Simple Methods of understanding data (range, variance, standard deviation)
The Problem with the mean
So I have just finished up a post describing the relative merits of the arithmetic mean and it’s beautiful simplicity. Though the arithmetic mean along with any other representation of the central tendency have limits in explaining data to us. Imagine two sets of numbers [-10,0,10,20,30] ==> mean=10 & [8,9,10,11,12] ==> mean = 10. See with these two data sets they have the same mean but the spread (dispersion) of the data is drastically different. So that is why we need to explore additional methods for describing our data. This is where variance comes in, the mean, median are their to give us an indication of the central tendency, but in order to summarise the data properly we need further summary ‘statistics’. I think this is an important point which I find beautiful with stats but I only came to understand later on. We are on a mission to capture the essence of our data by summarizing it. In the same way that a blurb gives an insight to the book, summary statistics gives you an idea of understanding what your data is like without having to look at each piece of it. Fundamental stats is something our brains do intuitively (even if we do it badly by adding our own bias to it), but it is the way we think. When we say the “bus usually arrives between 4.30 & 4.40”, we are describing spread, we are describing the variance of the data.
How to describe spread
The simplest way to look at the spread of the data is to look at the range. This is just taking the max-min, in general when looking at a data set it has little practical use as it does not look at the frequency of the occurrences and is therefore highly influenced by outliers. So practically it may have little use, but it always good to understand the limits of your data, we use it in scenarios when we look at the high/low of a stock price. Also, it provides a good quick way to see if you have outliers in your data which you need to look at.
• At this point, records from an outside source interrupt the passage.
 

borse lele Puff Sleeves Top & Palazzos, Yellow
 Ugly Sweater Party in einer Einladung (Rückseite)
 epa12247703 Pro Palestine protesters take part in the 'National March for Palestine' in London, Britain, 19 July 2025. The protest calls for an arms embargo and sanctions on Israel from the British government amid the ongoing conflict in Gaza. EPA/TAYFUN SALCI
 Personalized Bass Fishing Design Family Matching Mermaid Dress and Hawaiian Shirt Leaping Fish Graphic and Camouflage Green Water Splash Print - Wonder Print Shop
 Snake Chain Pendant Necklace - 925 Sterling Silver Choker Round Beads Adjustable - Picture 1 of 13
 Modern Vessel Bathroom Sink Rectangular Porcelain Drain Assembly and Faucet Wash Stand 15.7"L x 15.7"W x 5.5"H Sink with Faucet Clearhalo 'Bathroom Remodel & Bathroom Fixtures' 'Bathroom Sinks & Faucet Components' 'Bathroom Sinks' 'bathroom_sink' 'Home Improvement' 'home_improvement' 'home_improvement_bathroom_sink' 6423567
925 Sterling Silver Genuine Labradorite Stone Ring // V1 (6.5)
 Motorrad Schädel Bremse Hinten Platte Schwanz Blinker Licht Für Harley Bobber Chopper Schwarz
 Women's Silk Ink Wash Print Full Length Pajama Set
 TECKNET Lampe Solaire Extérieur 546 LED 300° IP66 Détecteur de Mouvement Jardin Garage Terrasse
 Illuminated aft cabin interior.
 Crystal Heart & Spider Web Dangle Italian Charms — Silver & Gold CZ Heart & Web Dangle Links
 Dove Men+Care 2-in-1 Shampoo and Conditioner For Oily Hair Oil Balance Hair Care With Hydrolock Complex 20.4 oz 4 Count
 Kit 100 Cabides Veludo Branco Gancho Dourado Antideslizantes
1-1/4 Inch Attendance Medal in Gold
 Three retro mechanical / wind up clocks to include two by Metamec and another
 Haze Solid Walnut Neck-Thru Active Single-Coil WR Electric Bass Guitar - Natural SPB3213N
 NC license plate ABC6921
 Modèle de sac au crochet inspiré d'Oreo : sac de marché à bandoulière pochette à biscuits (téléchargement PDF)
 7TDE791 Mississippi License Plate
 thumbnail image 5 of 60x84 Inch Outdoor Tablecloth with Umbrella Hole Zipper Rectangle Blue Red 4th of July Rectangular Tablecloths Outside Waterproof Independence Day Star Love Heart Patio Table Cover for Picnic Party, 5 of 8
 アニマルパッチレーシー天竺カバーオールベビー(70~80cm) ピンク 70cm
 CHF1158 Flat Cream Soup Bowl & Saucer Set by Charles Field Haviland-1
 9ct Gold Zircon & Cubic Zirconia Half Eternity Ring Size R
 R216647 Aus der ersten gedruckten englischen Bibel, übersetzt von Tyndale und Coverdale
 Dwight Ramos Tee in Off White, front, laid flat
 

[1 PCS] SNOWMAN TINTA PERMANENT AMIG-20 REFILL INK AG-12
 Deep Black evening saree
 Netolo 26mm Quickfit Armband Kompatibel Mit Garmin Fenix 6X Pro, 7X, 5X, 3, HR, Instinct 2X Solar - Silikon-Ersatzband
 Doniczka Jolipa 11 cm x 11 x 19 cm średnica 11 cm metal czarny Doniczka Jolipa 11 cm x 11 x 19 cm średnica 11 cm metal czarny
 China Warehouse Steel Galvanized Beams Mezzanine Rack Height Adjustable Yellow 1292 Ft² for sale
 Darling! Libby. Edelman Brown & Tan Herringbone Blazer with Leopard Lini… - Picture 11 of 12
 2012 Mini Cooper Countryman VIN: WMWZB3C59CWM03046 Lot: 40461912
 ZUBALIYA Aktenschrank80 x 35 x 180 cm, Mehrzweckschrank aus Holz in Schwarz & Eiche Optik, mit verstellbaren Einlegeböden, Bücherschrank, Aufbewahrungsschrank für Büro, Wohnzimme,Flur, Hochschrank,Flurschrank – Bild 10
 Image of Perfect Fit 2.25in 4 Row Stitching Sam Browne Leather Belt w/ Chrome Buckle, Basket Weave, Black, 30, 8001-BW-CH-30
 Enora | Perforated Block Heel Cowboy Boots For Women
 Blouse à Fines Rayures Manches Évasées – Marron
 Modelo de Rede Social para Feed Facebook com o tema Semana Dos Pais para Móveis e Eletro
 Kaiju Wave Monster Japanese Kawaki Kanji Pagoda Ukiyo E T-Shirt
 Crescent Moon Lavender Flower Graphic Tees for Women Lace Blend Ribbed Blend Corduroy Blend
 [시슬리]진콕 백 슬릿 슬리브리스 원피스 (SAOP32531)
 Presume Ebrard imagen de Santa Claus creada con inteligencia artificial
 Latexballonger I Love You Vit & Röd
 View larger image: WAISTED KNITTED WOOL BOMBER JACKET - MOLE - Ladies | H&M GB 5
But a more standard metric of spread is the variance and by transformation the standard deviation.
Variance
The variance is the deviation of every single data point you have away from the mean squared. So in another way it is the average of the squared difference of a point from the mean. The square is there so that we can look at absolute deviations and not be influenced by negative numbers. It is interesting to note when we talk about variance is to link it to how you evaluate predictive statistical models, we look at the errors (which is the deviation of the prediction from the actual value). This is the same as what we are doing with variance where we take a very simple model, predict your data by taking the mean of points and evaluate the deviation. Now variance is denoted by subscript sigma squared (\sigma^2)
Taking the example above: variance_1 = [(-10-10)^2 + (0-10)^2 + (10-10)^2 + (20-10)^2 +(30-10)^2]/5 = 200 variance_2 = [(8-10)^2 + (9-10)^2 + (10-10)^2 + (11-10)^2 +(12-10)^2]/5 = 2
And there is a casing example of using statistic values to explain your data, with the mean they were the same and now with the variance we know that the data in example 1 is greatly more dispersed and as a result we should expect to have values more away from the mean if we take a sample.
Things to think about with variance
Well first off the value of variance is actually in itself quite a weird term, it gives an indication of the spread by its magnitude, but the actual value is not very descriptive. For example estimating bus arrival times, the variance will be described by min^2, which is not very useful for me. This is where the standard deviation will come in. The second thing to think about is the impact of the outliers on the variance, the fact that we square the difference means points which are very far away from the mean will dominate the value of the variance. Try it with the second example if you for some reason had an erroneous point, like someone typing 120 instead of 12 your variance goes to 2400. It is something really important to consider that you need to understand what is the likely spread of your data, and look at methods of removing anomalous points. This is a problem I faced when dealing with large quantities of data inputted by hand, there was a lot of pollution of the data. Finding ways to deal with this is important. Anomaly detection is another topic, you can use statistical models, but also, think about also using physical models where possible. For example in engineering infrastructure physical principles will likely set bounds for your model.
Standard deviation
So the little brother of variance, and most likely the more often used at the day to day level. It is the square root of the variance. \sigma = standard deviation = sqrt(variance)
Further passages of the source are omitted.